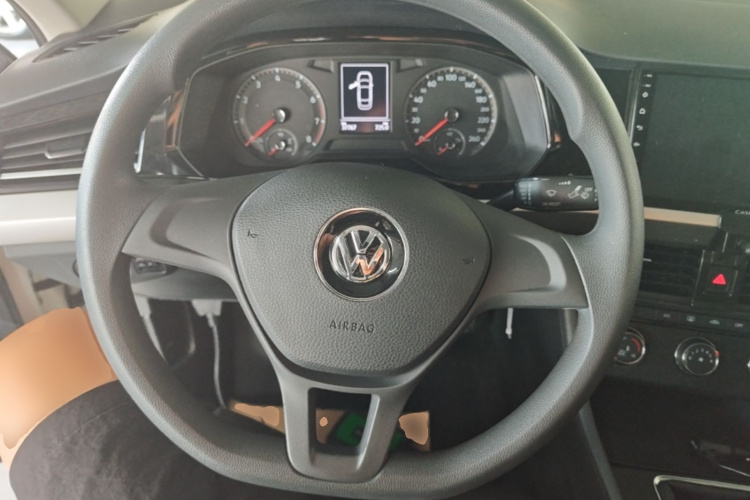 Volkswagen Bora 2020 car image #11
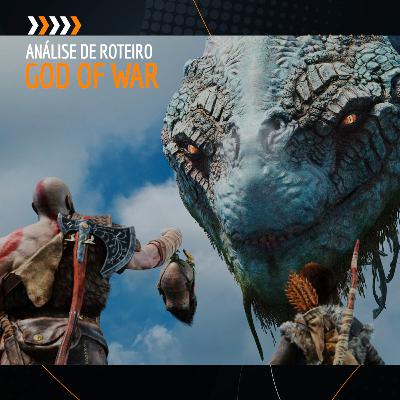 God of War | Análise de Roteiro #6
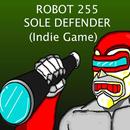 Robot 255 - Sole Defender APK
══════════════════════════════
— Work required —
Locate the line containing "God of War | Análise de Roteiro #6" in the material above, then repeat it and every later line exactly, with no pictures.

— Solution to this problem —
 God of War | Análise de Roteiro #6
 Robot 255 - Sole Defender APK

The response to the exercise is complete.